His public career included terms in the Kentucky state legislature (1804-1806; 1819), the U.S. House of Representatives (1807-1819; 1829-1837) and the U.S. Senate (1819-1829) prior to his becoming vice president.
I still can’t figure out how he managed to get elected and re-elected (in Kentucky!) when his love life with a Negro slave was pretty much an open secret.
Johnson’s political enemies sure did their best to spread the word about his babies’ mama.

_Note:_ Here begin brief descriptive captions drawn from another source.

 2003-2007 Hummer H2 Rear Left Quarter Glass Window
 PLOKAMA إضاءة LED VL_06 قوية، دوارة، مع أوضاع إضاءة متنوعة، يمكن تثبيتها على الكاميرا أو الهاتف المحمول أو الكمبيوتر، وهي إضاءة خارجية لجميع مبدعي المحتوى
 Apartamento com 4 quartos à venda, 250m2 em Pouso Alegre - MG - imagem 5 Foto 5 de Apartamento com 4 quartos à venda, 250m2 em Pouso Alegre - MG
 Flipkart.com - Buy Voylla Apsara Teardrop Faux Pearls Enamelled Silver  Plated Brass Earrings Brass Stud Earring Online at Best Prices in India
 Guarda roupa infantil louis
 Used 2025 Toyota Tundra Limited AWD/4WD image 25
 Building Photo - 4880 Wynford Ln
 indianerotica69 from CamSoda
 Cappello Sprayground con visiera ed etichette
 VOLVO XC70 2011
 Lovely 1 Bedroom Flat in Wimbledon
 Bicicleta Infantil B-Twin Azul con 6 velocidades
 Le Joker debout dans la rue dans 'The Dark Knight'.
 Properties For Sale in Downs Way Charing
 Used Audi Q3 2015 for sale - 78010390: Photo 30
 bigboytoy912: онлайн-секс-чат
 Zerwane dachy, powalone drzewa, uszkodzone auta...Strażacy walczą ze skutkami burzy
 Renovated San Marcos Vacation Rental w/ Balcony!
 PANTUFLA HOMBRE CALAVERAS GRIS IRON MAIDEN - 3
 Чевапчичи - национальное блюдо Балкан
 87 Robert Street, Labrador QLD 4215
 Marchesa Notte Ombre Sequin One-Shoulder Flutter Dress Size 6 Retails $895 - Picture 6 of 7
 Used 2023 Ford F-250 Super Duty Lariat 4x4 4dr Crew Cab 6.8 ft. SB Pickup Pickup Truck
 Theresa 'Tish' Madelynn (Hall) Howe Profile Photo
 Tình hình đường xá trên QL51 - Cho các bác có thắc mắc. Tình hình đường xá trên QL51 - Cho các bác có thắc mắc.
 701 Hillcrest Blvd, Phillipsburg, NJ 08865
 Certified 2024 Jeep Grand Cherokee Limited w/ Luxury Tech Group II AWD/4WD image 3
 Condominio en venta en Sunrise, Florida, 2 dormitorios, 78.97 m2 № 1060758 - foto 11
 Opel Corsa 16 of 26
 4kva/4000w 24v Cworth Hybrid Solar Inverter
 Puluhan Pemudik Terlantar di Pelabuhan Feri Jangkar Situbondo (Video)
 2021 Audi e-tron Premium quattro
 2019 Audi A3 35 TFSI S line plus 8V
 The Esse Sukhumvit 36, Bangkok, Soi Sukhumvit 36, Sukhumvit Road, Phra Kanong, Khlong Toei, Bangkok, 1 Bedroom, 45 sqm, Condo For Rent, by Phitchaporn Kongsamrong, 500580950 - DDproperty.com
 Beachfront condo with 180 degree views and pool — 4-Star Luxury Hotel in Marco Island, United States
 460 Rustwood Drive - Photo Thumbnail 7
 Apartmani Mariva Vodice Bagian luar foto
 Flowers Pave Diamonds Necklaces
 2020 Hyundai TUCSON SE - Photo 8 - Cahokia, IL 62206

Duff Green, a partisan journalist of the era, is said to have described Julia Chinn as “a jet-black, thick-lipped, odiferous negro wench.” Duff declared it to be “astonishing” that Richard Johnson had “reared a family of children whom he endeavored to force upon society as equals.”
Prof. Apple, in his email, told me: “Some of the propaganda, i.e. mudslinging said he tried to introduce his wife and daughters into Washington society. I have found no evidence to substantiate that.”
But Johnson did dote on his daughters, and he saw to it that Imogene and Adaline were well-educated.
It’s indicative of the historical fog surrounding Julia Chinn that author Roger G. Kennedy stated incorrectly, in his 1990 book Rediscovering America, that Julia “served as the vice president’s official hostess in Washington.”
As Prof. Apple points out, “Julia died in the cholera epidemic of 1833,” several years before Johnson took office as vice president. And during Johnson’s years in Congress, Julia stayed behind in Kentucky, overseeing his large farm.
At least Roger Kennedy knows there’s a story here. He described Julia Chinn as a “deliberately forgotten woman.”